Hacker News new | ask | show | jobs
by EdwardDiego 2223 days ago
Yes, but this is true of any system offering N - 1 safety, e.g., HDFS, Vertica, Pulsar. It's not specific to Kafka.

And you can switch to your warm replicated cluster in this scenario, if you have one, Mirror Maker 2 supports replicated offsets so consumers can switch without losing state.

But what you're describing is going to shaft any replicated system.

1 comments

not true for HDFS, Cassandra ,pulsar and most distributed file system.

As soon as a segment is under-replicated it”s replication factor is restored under less than 2 minutes by selecting new machine as replica.

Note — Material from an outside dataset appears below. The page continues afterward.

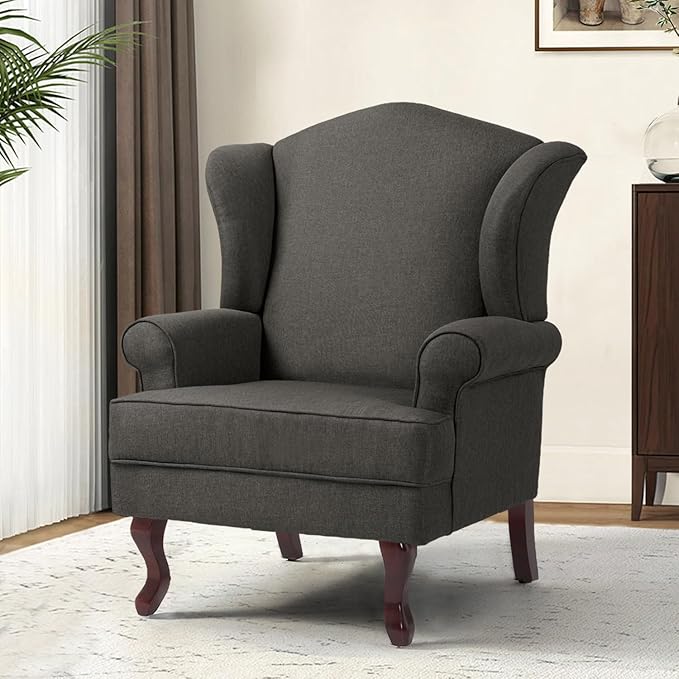 Accent Chair High Back Upholstered Armchair with High Resilience Sponge &amp Wood Legs Mid-Century Modern Comfy Single Sofa Reading Chairs for Living Room Bedroom (Dark Grey Set of 1)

Kafka try to do it with “kafka cruise control” but adding a replica to the in sync replica list take several hours if partition are 300GB and servers are already busy handling regular live traffic

> adding a replica to the in sync replica list take several hours if partition are 300GB

I'd be curious to hear more about this, because I run several topics with similar partition sizes, and haven't encountered several hours for one replica, and I've routinely shifted 350GB partition replicas as part of routine maintenance.

I have encountered 2 hours to restore a broker that was shut down improperly, but yeah, assuming your replica fetchers aren't throttled to shit, or your brokers aren't overloaded (what's the request handler avg idle? 20% or lower is time to add another broker, 10% is time to add another broker right now), that's really extreme.